La retrospettiva. Il cinema di Pablo Larrain: “Sono come un bambino con una bomba in mano”

Pablo-Larrain-Il regista cileno presenta “El Club”, la casa dei preti peccatori

La Festa del Cinema di Roma ha dedicato una delle tre retrospettive al regista cileno Pablo Larrain. Dopo aver visto tutta la sua filmografia (Fuga, Tony Manero, Post Mortem, No), venerdì è stata la volta del suo ultimo lavoro “El Club”, già vincitore al festival di Berlino e candidato all’Oscar. Prima della proiezione, Larrain ha incontrato il pubblico e ha risposto alle domande di Mario Sesti, mai in modo banale, raccontando che “El Club” è nato in tre settimane, mentre stava lavorando all’altra opera, “Neruda”. La maggior parte delle riprese sono state fatte nei pressi della sua casa sulla costa cilena, dove si ritira prima di ogni film insieme al direttore della fotografia, non solo per programmare il lavoro ma anche per leggere, studiare e guardare film, tra i quali non manca mai una pellicola di Pasolini.
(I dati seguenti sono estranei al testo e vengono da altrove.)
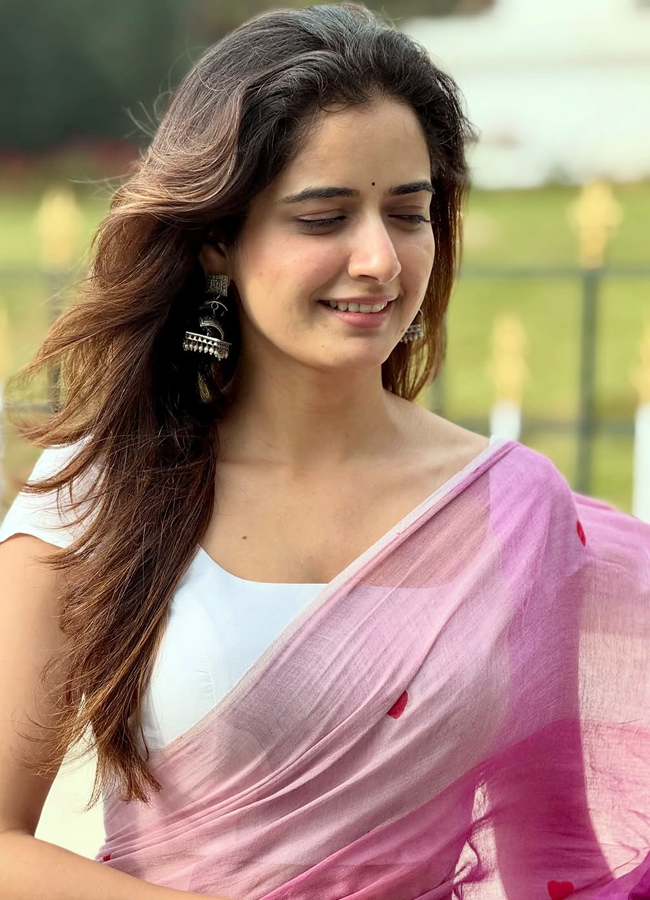 Ashika Ranganath looking graceful in saree (Photos)9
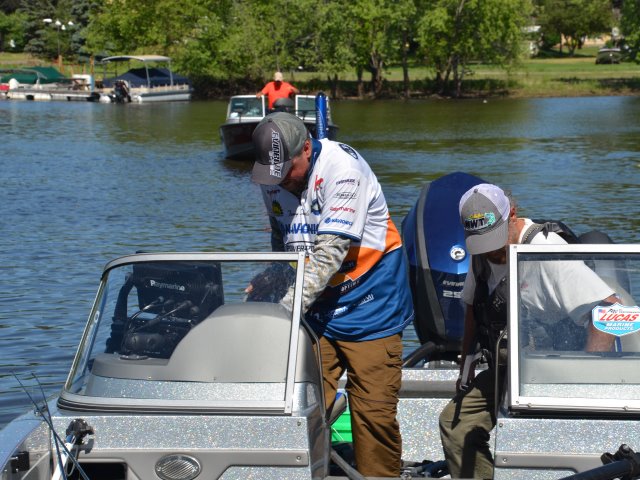 2DF8273F-B744-41BF-A39D-C1632D930C7C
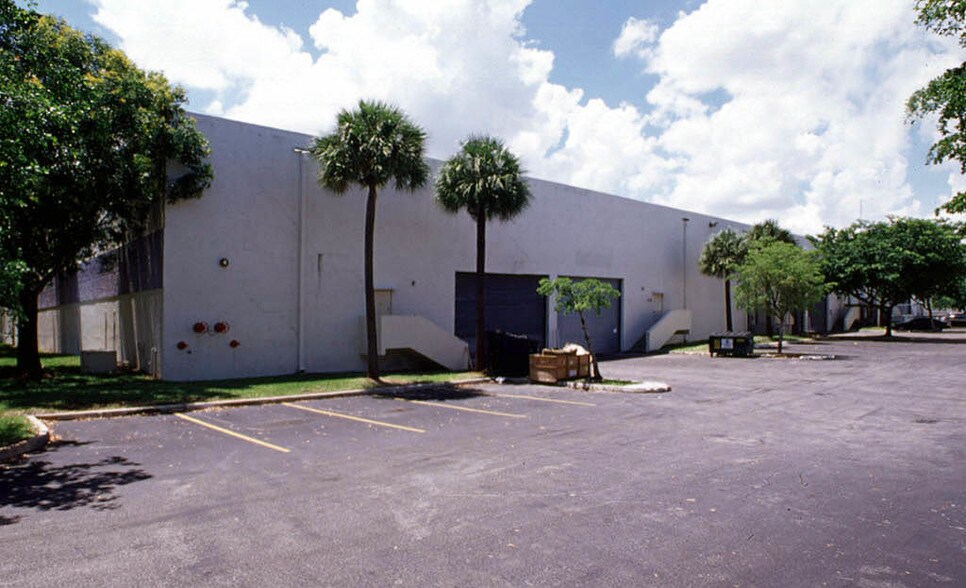 More Photos Of 2011-2031 NW 89th Pl, Miami Showroom For Lease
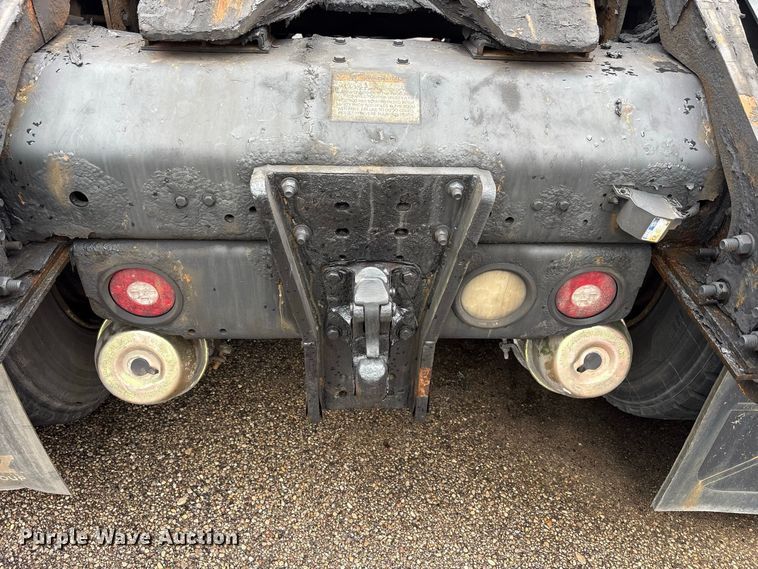 image for item YA5058 2016 Capacity Trucks Sabre5 yard truck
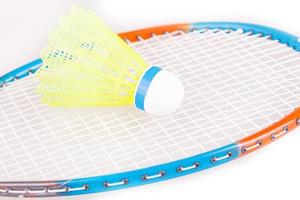 de shuttle Aan badminton racket detailopname foto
Larrain nasce come fotografo, ma già a trent’anni firma il suo primo lungometraggio: “Fuga”. “Per me – spiega – la chiave nel cinema è il mistero. Se un personaggio lo conosci troppo, la storia diventa meno interessante. La maggior parte delle scene nascono sul set ed è al montaggio che si decide la storia. L’unica certezza è l’incertezza”. In “El Club”, infatti, gli attori non conoscevano la sceneggiatura, non avevano alcun supporto: il regista ha lasciato che si esprimessero nel loro presente, ignorando il passato e il futuro dei personaggi, come sospesi in un limbo alla ricerca di un’identità.

Una suora e quattro preti sconsacrati vivono insieme in una casa isolata, sulla costa cilena, la casa del buen ritiro che la chiesa riserva a chi ha commesso dei crimini. E’ una casa di penitenza, in cui però i cinque inquilini, mentre cantano e pregano, continuano a reiterarsi nel peccato: allevano un cane per scommettere su di lui, praticano l’avarizia e allontanano i bisognosi. Senza pentimento alcuno, vivono nel buio delle loro menti e delle loro coscienze. Larrain usa una fotografia esemplare per rendere ancora più cupa e misera l’immagine delle loro vite. A rompere l’insano equilibrio arriva padre Lazcano, prete pedofilo che si porta dentro il tormento per Sandokan, un ex bambino violato. Sfinito dalle accuse, l’aguzzino si spara davanti alla sua vittima, avviando così le indagini di un altro ministro di Dio, padre Garcia, gesuita e psicologo mandato per fare chiarezza sul suicidio e chiudere la casa.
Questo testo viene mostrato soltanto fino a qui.